───── Supplied data ─────
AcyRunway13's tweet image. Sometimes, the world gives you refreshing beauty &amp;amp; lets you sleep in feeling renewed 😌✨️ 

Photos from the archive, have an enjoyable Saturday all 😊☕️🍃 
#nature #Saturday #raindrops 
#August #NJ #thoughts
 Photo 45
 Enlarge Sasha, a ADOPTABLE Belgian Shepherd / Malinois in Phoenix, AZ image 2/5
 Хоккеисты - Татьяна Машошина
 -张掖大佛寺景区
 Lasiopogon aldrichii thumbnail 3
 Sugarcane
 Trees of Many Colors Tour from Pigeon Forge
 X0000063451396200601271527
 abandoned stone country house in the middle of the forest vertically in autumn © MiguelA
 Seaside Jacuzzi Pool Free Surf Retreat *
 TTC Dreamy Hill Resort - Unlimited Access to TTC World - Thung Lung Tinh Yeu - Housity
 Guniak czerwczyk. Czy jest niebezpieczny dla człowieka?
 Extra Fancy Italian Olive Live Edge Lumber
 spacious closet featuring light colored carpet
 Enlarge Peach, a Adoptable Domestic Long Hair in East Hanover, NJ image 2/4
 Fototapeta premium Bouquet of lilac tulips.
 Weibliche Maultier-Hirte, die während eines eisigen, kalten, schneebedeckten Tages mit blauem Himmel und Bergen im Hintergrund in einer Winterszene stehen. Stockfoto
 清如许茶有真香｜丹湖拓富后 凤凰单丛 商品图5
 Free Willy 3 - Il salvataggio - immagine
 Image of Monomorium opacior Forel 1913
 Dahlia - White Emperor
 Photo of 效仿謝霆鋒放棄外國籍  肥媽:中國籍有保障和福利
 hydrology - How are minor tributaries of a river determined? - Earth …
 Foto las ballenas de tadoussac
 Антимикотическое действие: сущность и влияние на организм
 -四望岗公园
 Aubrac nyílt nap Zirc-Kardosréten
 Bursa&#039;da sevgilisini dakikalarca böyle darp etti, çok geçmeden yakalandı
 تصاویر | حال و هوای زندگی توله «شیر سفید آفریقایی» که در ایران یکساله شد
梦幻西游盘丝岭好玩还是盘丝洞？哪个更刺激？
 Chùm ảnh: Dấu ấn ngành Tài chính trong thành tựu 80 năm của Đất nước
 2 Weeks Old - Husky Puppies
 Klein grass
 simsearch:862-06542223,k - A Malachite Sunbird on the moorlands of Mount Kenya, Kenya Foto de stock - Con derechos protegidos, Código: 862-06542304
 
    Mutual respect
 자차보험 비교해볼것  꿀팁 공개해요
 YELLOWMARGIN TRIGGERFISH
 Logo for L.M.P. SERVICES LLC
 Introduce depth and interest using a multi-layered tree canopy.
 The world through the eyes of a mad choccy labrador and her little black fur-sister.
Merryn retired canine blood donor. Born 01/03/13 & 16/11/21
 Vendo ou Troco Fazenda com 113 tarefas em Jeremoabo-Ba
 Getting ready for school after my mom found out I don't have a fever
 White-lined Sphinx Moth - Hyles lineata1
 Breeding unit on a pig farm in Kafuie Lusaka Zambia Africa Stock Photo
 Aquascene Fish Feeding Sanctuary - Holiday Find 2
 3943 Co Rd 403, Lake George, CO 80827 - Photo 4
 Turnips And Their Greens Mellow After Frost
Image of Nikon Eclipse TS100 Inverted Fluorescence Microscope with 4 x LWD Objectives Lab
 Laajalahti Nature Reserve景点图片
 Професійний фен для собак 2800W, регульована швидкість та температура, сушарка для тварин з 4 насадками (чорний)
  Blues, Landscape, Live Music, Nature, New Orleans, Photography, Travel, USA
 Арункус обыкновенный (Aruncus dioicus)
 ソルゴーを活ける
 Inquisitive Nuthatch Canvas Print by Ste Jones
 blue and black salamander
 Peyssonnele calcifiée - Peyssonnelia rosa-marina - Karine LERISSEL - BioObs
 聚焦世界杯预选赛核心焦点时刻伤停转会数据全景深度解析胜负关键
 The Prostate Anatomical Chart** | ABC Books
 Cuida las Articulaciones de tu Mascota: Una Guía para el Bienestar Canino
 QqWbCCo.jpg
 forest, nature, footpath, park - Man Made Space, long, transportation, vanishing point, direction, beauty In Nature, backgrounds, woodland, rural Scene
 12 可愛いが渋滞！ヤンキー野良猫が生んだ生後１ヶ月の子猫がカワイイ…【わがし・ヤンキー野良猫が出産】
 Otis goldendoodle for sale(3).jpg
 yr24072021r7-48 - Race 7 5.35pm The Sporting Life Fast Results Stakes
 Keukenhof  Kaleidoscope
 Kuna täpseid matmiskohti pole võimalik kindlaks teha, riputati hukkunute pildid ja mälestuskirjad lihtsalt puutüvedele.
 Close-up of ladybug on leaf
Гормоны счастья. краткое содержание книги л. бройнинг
─────
* **What needs to be done**:
Every single record must be transcribed exactly as it stands.

* **Task result**:
AcyRunway13's tweet image. Sometimes, the world gives you refreshing beauty &amp;amp; lets you sleep in feeling renewed 😌✨️ 

Photos from the archive, have an enjoyable Saturday all 😊☕️🍃 
#nature #Saturday #raindrops 
#August #NJ #thoughts
 Photo 45
 Enlarge Sasha, a ADOPTABLE Belgian Shepherd / Malinois in Phoenix, AZ image 2/5
 Хоккеисты - Татьяна Машошина
 -张掖大佛寺景区
 Lasiopogon aldrichii thumbnail 3
 Sugarcane
 Trees of Many Colors Tour from Pigeon Forge
 X0000063451396200601271527
 abandoned stone country house in the middle of the forest vertically in autumn © MiguelA
 Seaside Jacuzzi Pool Free Surf Retreat *
 TTC Dreamy Hill Resort - Unlimited Access to TTC World - Thung Lung Tinh Yeu - Housity
 Guniak czerwczyk. Czy jest niebezpieczny dla człowieka?
 Extra Fancy Italian Olive Live Edge Lumber
 spacious closet featuring light colored carpet
 Enlarge Peach, a Adoptable Domestic Long Hair in East Hanover, NJ image 2/4
 Fototapeta premium Bouquet of lilac tulips.
 Weibliche Maultier-Hirte, die während eines eisigen, kalten, schneebedeckten Tages mit blauem Himmel und Bergen im Hintergrund in einer Winterszene stehen. Stockfoto
 清如许茶有真香｜丹湖拓富后 凤凰单丛 商品图5
 Free Willy 3 - Il salvataggio - immagine
 Image of Monomorium opacior Forel 1913
 Dahlia - White Emperor
 Photo of 效仿謝霆鋒放棄外國籍  肥媽:中國籍有保障和福利
 hydrology - How are minor tributaries of a river determined? - Earth …
 Foto las ballenas de tadoussac
 Антимикотическое действие: сущность и влияние на организм
 -四望岗公园
 Aubrac nyílt nap Zirc-Kardosréten
 Bursa&#039;da sevgilisini dakikalarca böyle darp etti, çok geçmeden yakalandı
 تصاویر | حال و هوای زندگی توله «شیر سفید آفریقایی» که در ایران یکساله شد
梦幻西游盘丝岭好玩还是盘丝洞？哪个更刺激？
 Chùm ảnh: Dấu ấn ngành Tài chính trong thành tựu 80 năm của Đất nước
 2 Weeks Old - Husky Puppies
 Klein grass
 simsearch:862-06542223,k - A Malachite Sunbird on the moorlands of Mount Kenya, Kenya Foto de stock - Con derechos protegidos, Código: 862-06542304
 
    Mutual respect
 자차보험 비교해볼것  꿀팁 공개해요
 YELLOWMARGIN TRIGGERFISH
 Logo for L.M.P. SERVICES LLC
 Introduce depth and interest using a multi-layered tree canopy.
 The world through the eyes of a mad choccy labrador and her little black fur-sister.
Merryn retired canine blood donor. Born 01/03/13 & 16/11/21
 Vendo ou Troco Fazenda com 113 tarefas em Jeremoabo-Ba
 Getting ready for school after my mom found out I don't have a fever
 White-lined Sphinx Moth - Hyles lineata1
 Breeding unit on a pig farm in Kafuie Lusaka Zambia Africa Stock Photo
 Aquascene Fish Feeding Sanctuary - Holiday Find 2
 3943 Co Rd 403, Lake George, CO 80827 - Photo 4
 Turnips And Their Greens Mellow After Frost
Image of Nikon Eclipse TS100 Inverted Fluorescence Microscope with 4 x LWD Objectives Lab
 Laajalahti Nature Reserve景点图片
 Професійний фен для собак 2800W, регульована швидкість та температура, сушарка для тварин з 4 насадками (чорний)
  Blues, Landscape, Live Music, Nature, New Orleans, Photography, Travel, USA
 Арункус обыкновенный (Aruncus dioicus)
 ソルゴーを活ける
 Inquisitive Nuthatch Canvas Print by Ste Jones
 blue and black salamander
 Peyssonnele calcifiée - Peyssonnelia rosa-marina - Karine LERISSEL - BioObs
 聚焦世界杯预选赛核心焦点时刻伤停转会数据全景深度解析胜负关键
 The Prostate Anatomical Chart** | ABC Books
 Cuida las Articulaciones de tu Mascota: Una Guía para el Bienestar Canino
 QqWbCCo.jpg
 forest, nature, footpath, park - Man Made Space, long, transportation, vanishing point, direction, beauty In Nature, backgrounds, woodland, rural Scene
 12 可愛いが渋滞！ヤンキー野良猫が生んだ生後１ヶ月の子猫がカワイイ…【わがし・ヤンキー野良猫が出産】
 Otis goldendoodle for sale(3).jpg
 yr24072021r7-48 - Race 7 5.35pm The Sporting Life Fast Results Stakes
 Keukenhof  Kaleidoscope
 Kuna täpseid matmiskohti pole võimalik kindlaks teha, riputati hukkunute pildid ja mälestuskirjad lihtsalt puutüvedele.
 Close-up of ladybug on leaf
Гормоны счастья. краткое содержание книги л. бройнинг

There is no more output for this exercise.